Any good content has a good potential underwriter. The bottom line is that every company is wondering how to make its marketing work, how to make its social media more engaging, how to get more customers. The answer is content. Really good, unique, editorially-sound, non self-promotional, niche content. They key for the news site is to find companies whose values are the same as that content. Got a column about school budget hearings? Find a company that cares about schools. The key for the company is to figure out what type of content its customers are consuming or would consume. Then partner.

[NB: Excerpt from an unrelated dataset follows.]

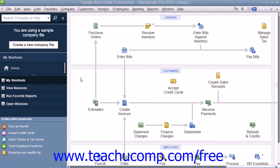In QuickBooks, you enter information and perform tasks within many different windows. Unless you close the windows after using them, they will stay opened within the application. You can view a listing of the opened windows within QuickBooks to quickly switch between them. This listing is called the open windows list, and it allows you to easily switch between opened windows without having to open and close them repeatedly while working.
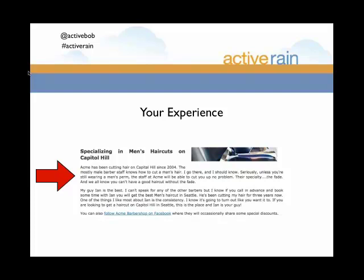This is what you're getting at Acme Barbershop — they specialize in men's haircuts on Capitol Hill. Then I'm going to share my experience, and that's what makes your blog post about a business a little different from just the company's website. In that first paragraph or two I give some general information — they've been cutting hair since 2004, mostly male staff — but somewhere in there I give my personal experience. Ian's the guy who cuts my hair; I let them know he's consistent, I always get a good haircut, I can call ahead for an appointment. It shows there's a real person out there who's actually been to this place.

Will CHARLIE move beyond display advertising altogether — or do you see your site having revenue streams that will include display. Do you have an ideal ratio for display, sponsorships and partnerships?
We won’t eliminate display. It has its place as reinforced branding. I think it rounds out a campaign nicely; it’s just not the heart of it. We have diversified revenue streams that include display, email, native, video and event sponsorships, but content marketing underwriting campaigns will definitely be our focus moving forward.
(Full disclosure: I am friends with Caroline Nuttall and have contributed several articles to CHARLIE.)
Tom Grubisich (@TomGrubisich) writes “The New News” column for Street Fight. He is editorial director of the in-development hyperlocal news network Local America that rates communities on their performance across a broad spectrum of livability — Local America Charleston launched last week.